La materia del respiro
di Giuseppe Semeraro

Dare un bacio al sogno al mattino prima di togliersi la notte dalla pelle e tutto quello sbuffo d’anima che svola incerto se restare negli occhi o andarsene col sangue a bagnare altri sogni e creare ancora intrecci d’ombre e cose che non si sanno dire come una spina sulle labbra o come un dente che rimane nel suo dolore segreto. Dare un bacio soffiando anima e bevendo anima che nel millimetro vicino sembra sogno fatto vero dall’amore.
Il sole una palude che saccheggia carne e ne fa splendore biancore innocenza per un fiore rovente, incallito demone, bocca preziosa, pomeriggio d’un immenso frutto, nascosto sotto pietre che sono mani d’acqua e paziente castigo per questo sciame del cuore che desidera la pelle bruciata, la Venere della litoranea, il culo denso di preistoria. Resta la birra lasciata sola a scaldarsi, le nuvole ammaccate dai tagli del sole, affogato il respiro che dice una parola sola per l’addio, per tutto, per il sangue sul tronco, per questo tramonto messo sulla bocca di un fauno che guarda il sole e sorride e beve sui denti un sole di febbre.
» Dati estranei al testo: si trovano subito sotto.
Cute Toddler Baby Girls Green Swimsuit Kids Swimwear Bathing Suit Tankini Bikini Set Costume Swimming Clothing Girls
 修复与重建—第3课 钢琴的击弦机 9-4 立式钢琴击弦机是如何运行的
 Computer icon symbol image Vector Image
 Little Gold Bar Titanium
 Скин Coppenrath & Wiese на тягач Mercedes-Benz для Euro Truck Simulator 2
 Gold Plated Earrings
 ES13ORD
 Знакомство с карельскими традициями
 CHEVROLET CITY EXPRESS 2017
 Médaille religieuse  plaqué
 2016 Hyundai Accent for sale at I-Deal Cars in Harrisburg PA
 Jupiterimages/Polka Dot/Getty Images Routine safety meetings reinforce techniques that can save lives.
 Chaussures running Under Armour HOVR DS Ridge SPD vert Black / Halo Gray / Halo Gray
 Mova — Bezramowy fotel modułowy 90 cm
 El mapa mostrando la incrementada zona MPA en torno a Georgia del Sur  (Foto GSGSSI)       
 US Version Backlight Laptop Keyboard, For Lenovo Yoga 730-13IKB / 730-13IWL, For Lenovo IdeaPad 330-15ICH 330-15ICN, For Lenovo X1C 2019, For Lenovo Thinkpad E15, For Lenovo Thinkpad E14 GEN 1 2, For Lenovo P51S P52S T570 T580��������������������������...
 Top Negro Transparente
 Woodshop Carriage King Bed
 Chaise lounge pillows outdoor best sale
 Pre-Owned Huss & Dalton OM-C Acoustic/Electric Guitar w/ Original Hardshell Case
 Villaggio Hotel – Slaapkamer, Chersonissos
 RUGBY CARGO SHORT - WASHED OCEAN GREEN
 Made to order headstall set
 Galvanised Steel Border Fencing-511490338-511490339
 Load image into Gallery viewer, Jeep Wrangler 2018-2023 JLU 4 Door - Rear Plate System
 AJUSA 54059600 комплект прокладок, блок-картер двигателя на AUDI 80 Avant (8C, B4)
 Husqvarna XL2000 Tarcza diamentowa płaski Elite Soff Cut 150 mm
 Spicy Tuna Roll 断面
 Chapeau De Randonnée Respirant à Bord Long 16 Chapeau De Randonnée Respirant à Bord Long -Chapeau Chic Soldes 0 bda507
La notte spada infilata dal vento verso l’ombra che non trattiene la ferita ma sparge il suo sangue nero sul muro che niente trattiene nel suo ripudiare le speranze e solo un chiodo consente di essere precisi con la morte con le parole che nessuno sente come tutto si bagna di stelle e tutto appartiene a me che sto scivolando via in qualche bucato regno infame della vita per tornare a vivere idiota ombra.
L’estate in braccio un figlio pieno di sete e le fontane fredde immobili agli angoli misurando il secco delle ossa sperando un bacio fatto d’acqua camminando nel deserto con qualche straccio di maglia misurando la sabbia del deserto contando i granelli che separano dalla civiltà dal pane velenoso dell’occidente sputando nel mare della mano che non tiene neanche un fratello sorella stella lacrima di pietra attaccata ancora agli occhi per tutto il viaggio della morte.